Justice of the High Court Division of Bangladesh
- Incumbent
- Assumed office 30 April 1994

Personal details
- Born: March 18, 1970 (age 56)
- Profession: Justice

= Mohammad Ullah (judge) =

Bangladeshi Judge

Mohammad Ullah is a justice of the High Court Division of the Bangladesh Supreme Court.

==Early life==
Mohammad was born on 18 March 1970. He has bachelor's and master's degrees in law.

==Career==
Mohammad became a lawyer in the District Courts on 30 April 1994. He started practicing in the High Court on 12 August 1995.

Mohammad became a lawyer in the Appellate Division of the Supreme Court of Bangladesh on 13 January 2011. On 20 October, he was appointed an additional judge of the High Court Division.

On 7 October 2013, Mohammad was made a permanent judge of the High Court Division.

In July 2015, Mohammad and Justice Farid Ahmed denied bail to a British-Bangladeshi jihadist who came to Bangladesh to recruit for the Islamic State.

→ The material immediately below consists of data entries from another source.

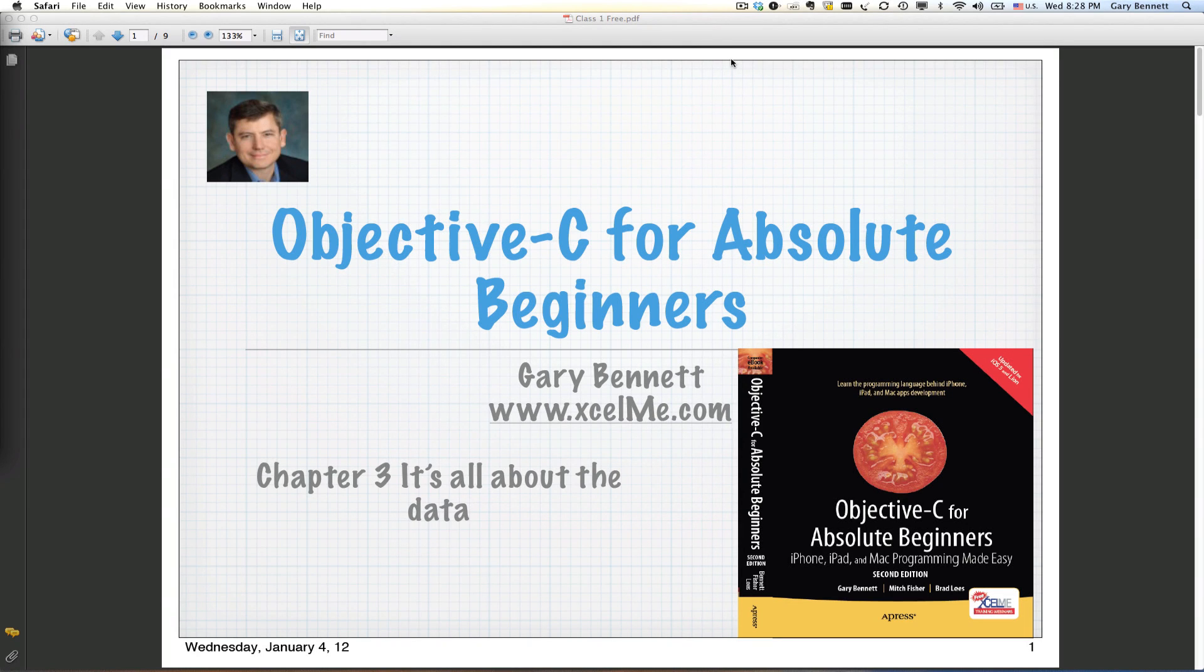Hey everyone, this is Gary Bennett at Excel and Me. Welcome to our Objective-C for Absolute Beginners class. Tonight we're going to be talking about Chapter 3, All About Data and Learning How in Xcode to Manipulate Data.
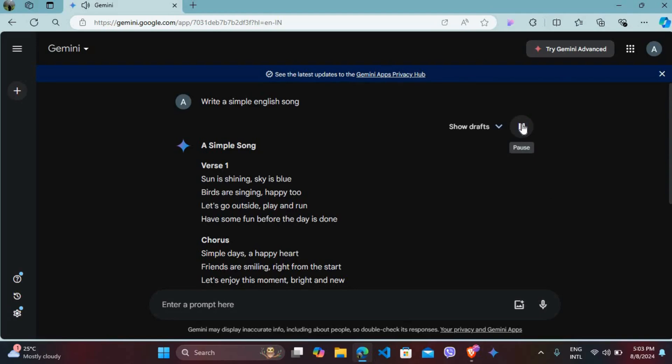So this is the only voice you will be hearing from Gemini AI. If you want to change this voice, there are no options in Gemini, but Microsoft Edge gives you this option to change the voice.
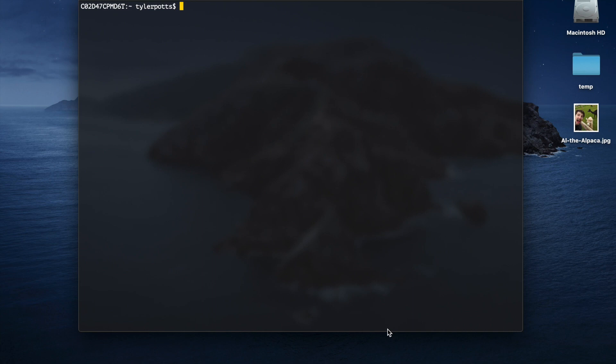What's going on everybody, my name is Tyler Potts and in today's video we'll be looking at Vue 3 for the first time, specifically the Vue 3 Composition API. What the Composition API does is it allows you to have hooks, just like how React has its own hooks — hooks such as ref, computed, and reactive. The first thing we need to do is install the Vue CLI so we can create our first Vue app.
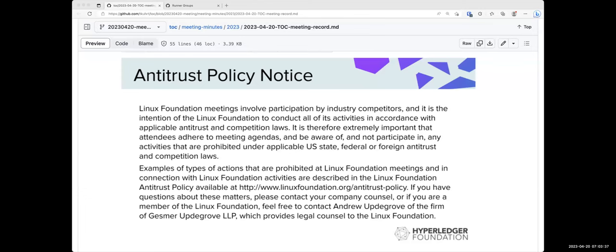All right, welcome everybody to the April 20th Hyperledger Technical Oversight Committee call. As you're probably all aware, two things that we must abide by on the call. The first is the antitrust policy that has been displayed on the screen, and the second is our code of conduct, which is linked in the agenda.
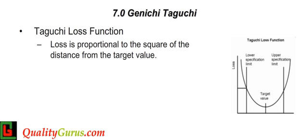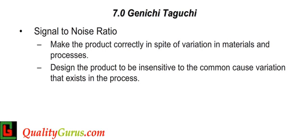This loss is proportional to the square of the distance from the target value. Noise factors are classified into three categories: outer noise, inner noise, and between-product noise. Taguchi's approach is not to eliminate or ignore the noise factors.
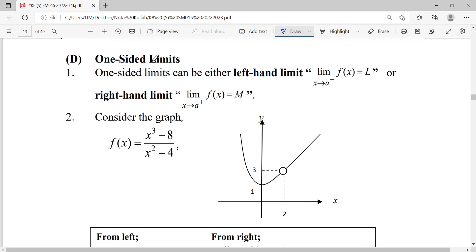We're going to discuss about one-sided limits. One-sided limit means we approach the function from one side only — whether the left-hand side or the right-hand side.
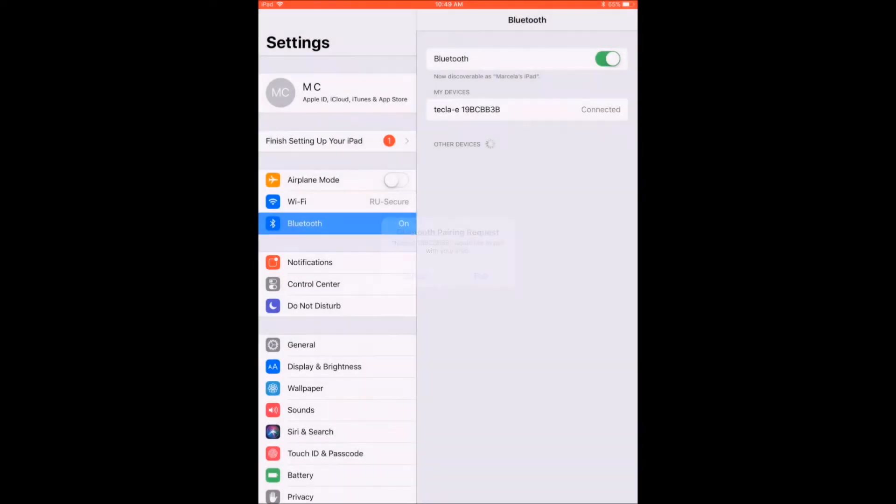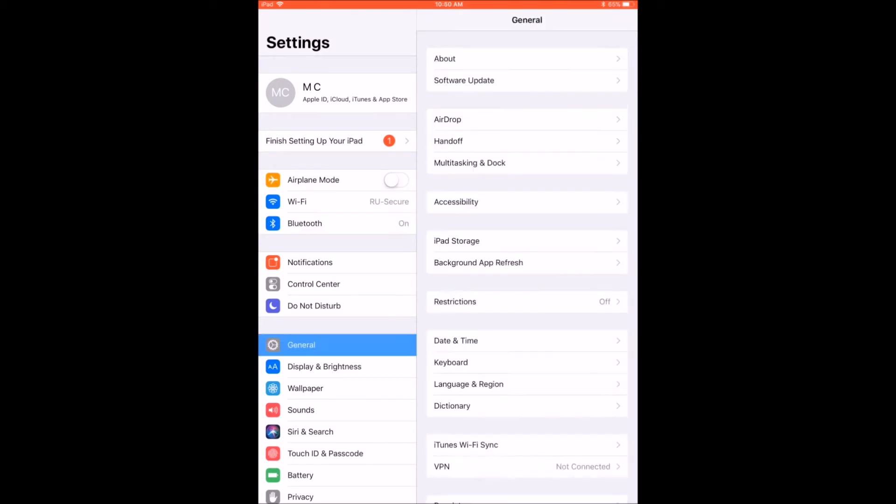After a few seconds, Tecla-E should be under Paired Devices and appear as connected. Once Tecla-E is paired, you can proceed to the next step.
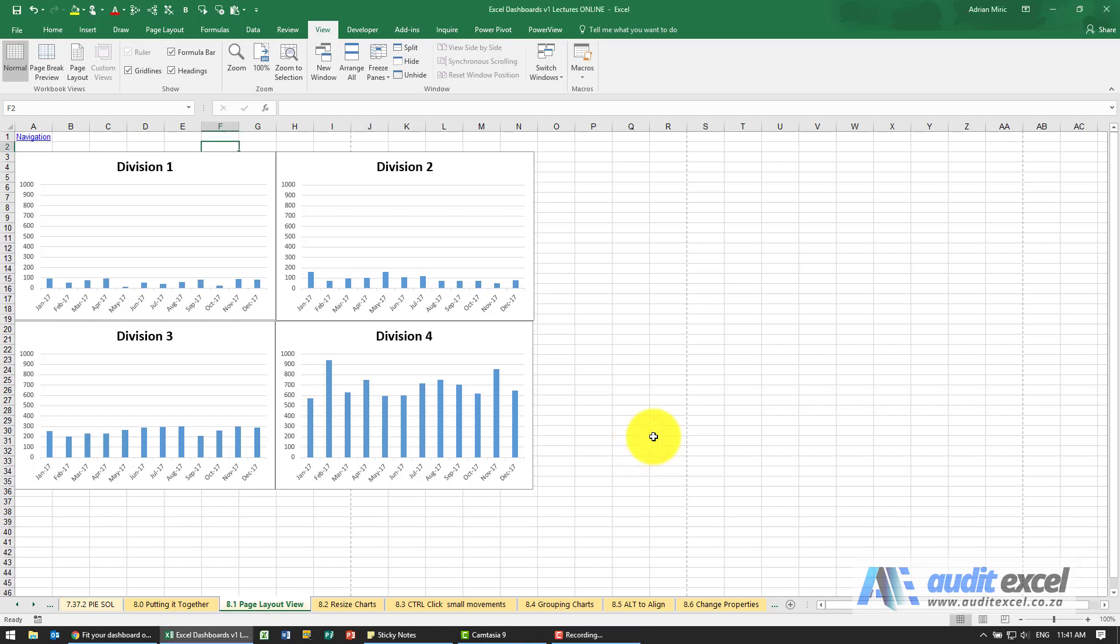Once you have the components of the dashboard set up, one of the difficulties is how to fit it onto a page. You'll find that you continue printing and more pages print than you expect.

In September Mohammad and Justice Shamim Hasnain blocked the government attempt to impose value added tax on English medium schools in Bangladesh.

Mohammad and Justice Quazi Reza-Ul Hoque ordered the government to collect land development tax at enhanced rates for one year following a petition from a farmer in Barisal. Mohammad and Justice Quazi Reza-Ul Hoque ordered the Inspector General of Police to transfer out assistant superintendent of police Saiful Islam for torturing a prisoner in custody in Patuakhali District. Ullah and Justice Quazi Reza-Ul Hoque banned pneumatic horns in Bangladesh in November 2017 to limit sound pollution. On 13 December 2017, Justice Quazi Reza-Ul Hoque and Mohammad censured upazila nirbahi officer and executive magistrate Mohammad Nooruzzaman of Lakshmipur Sadar Upazila and additional deputy commissioner Sheikh Morshedul Islam of Lakshmipur District for abuse of power.

In December 2019, Mohammad and Justice Gobinda Chandra Tagore criticized Dhaka Water Supply and Sewerage Authority for its failure to stop all lines dumping raw sewage in the Buriganga River according to the 2011 High Court verdict. It cautioned the managing director of the authority, Taqsem A Khan.

Mohammad and Justice Gobinda Chandra Thakur ordered the Department of Immigration and Passports to issue a passport to student activist Nurul Haque Nur in March 2020.